Why Honda is the most innovative car company on Earth
Jeffrey Rothfeder explored the car-maker's culture in his new book "Driving Honda"
At a groundbreaking for a Honda plant in Alabama, dignitaries were asked to start engines symbolizing the start of construction.
But nothing started.
“The Honda machine just put-putted,” says Jeffrey Rothfeder. “Things got tense, people looked around. The audience was thinking, ‘What kind of company are we bringing into our community?’ The CEO looked at the machine, rolled up his sleeves and started it up on his own.”
That scene starts off Rothfeder’s book “Driving Honda: Inside the World’s Most Innovative Car Company,” which outlines Honda’s core values, innovative culture and what makes the company tick.
As the book illustrates, things are done differently at Honda: Everything is built and assembled locally, CEOs are always engineers and the company is not concerned with being No. 1.
“[The founder] always pushed the company to be more than what it was, and so he just pushed them past motorcycles, past lawn mowers into making cars. Now they’re making robots, they’re making a jet that just flew for the first time,” says Rothfeder. “They keep testing themselves and keep pushing themselves further.”

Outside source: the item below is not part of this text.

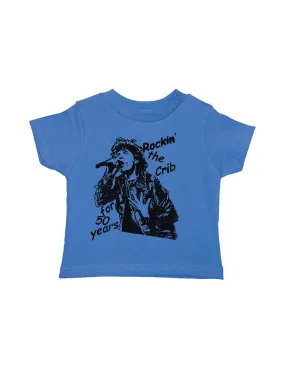 Mick Jagger T-Shirt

In all these years, the company has never posted a loss.
“They want to succeed; they want to make a 5-6 percent profit margin, which is really high for the auto industry and they do that almost everywhere they go by simply providing the kind of cars people want at the right price point. If it means they’re No. 3 or No. 4, what’s the difference?”
Rothfeder says the company’s founder Soichiro Honda may not entirely recognize what Honda has become. “He’d recognize his company in terms of the culture and the way they innovate and the way they treat their workers; what he wouldn’t recognize is how complex machines had become.”